No debe confundirse con las rentas mínimas o de reinserción que algunas administraciones públicas ofrecen a personas con niveles bajos de ingresos o en riesgo de exclusión social. Aún más, la RBU conllevaría la eliminación del conjunto de ayudas y subvenciones, el seguro de desempleo y hasta las pensiones.
La medida, revolucionaria, enfronta a defensores y detractores. Para los primeros, su aplicación generalizada conllevaría una caída de la pobreza y de las desigualdades; más libertad en la selección de trabajos por parte de los trabajadores; un incentivo (a diferencia del subsidio de desempleo) para buscar empleo; la remuneración de ocupaciones hoy no retribuidas (trabajo en casa, atención a dependientes...) y un aumento de la actividad y del emprendimiento.
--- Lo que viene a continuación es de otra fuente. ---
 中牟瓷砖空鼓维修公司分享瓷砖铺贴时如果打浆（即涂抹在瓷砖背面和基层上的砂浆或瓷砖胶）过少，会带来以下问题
También son partidarios de la misma representantes de las clases empresariales emergentes (en especial, de grandes empresas tecnológicas de Silicon Valley), que ven su implantación inevitable para hacer frente a la creciente tendencia a la sustitución de puestos de trabajo por máquinas, a causa de la robotización y la inteligencia artificial. Estos, movidos por la necesidad de fomentar el consumo de sus productos y paliar los efectos del empleo precario que sus modelos de negocio generan, defienden la RBU como un modelo que podría definir un nuevo Estado del bienestar. Algunos hasta pronostican que la medida será una realidad a finales de la década de 2030.
Pero también organismos internacionales (OCDE, FMI o Banco Mundial) consideran que los nuevos modelos económicos -con menos asalariados y más trabajadores independientes con menores derechos sociales- llevan a que el actual sistema de subsidios sea insostenible, por lo que alientan a los Estados a que hagan pruebas de cara a una posible instauración futura y progresiva de algún tipo de renta mínima. Y remarcan como ventaja adicional la simplificación y reducción de costes que esta supondría, al eliminar toda tramitación administrativa de los actuales subsidios y su posterior control.
La RBU conllevaría la eliminación del conjunto de ayudas, subvenciones y hasta de pensiones
En contraposición, los detractores aluden a la desincentivación en la búsqueda de trabajo, la necesidad de aumentar impuestos para asumir su enorme coste y no castigar excesivamente el déficit público, el efecto llamada hacia la inmigración, el aumento del poder de negociación de los trabajadores, el fomento de una clase social dependiente y, en fin, que sería -habida cuenta de que todo el mundo resultaría beneficiado- poco efectiva para combatir la pobreza.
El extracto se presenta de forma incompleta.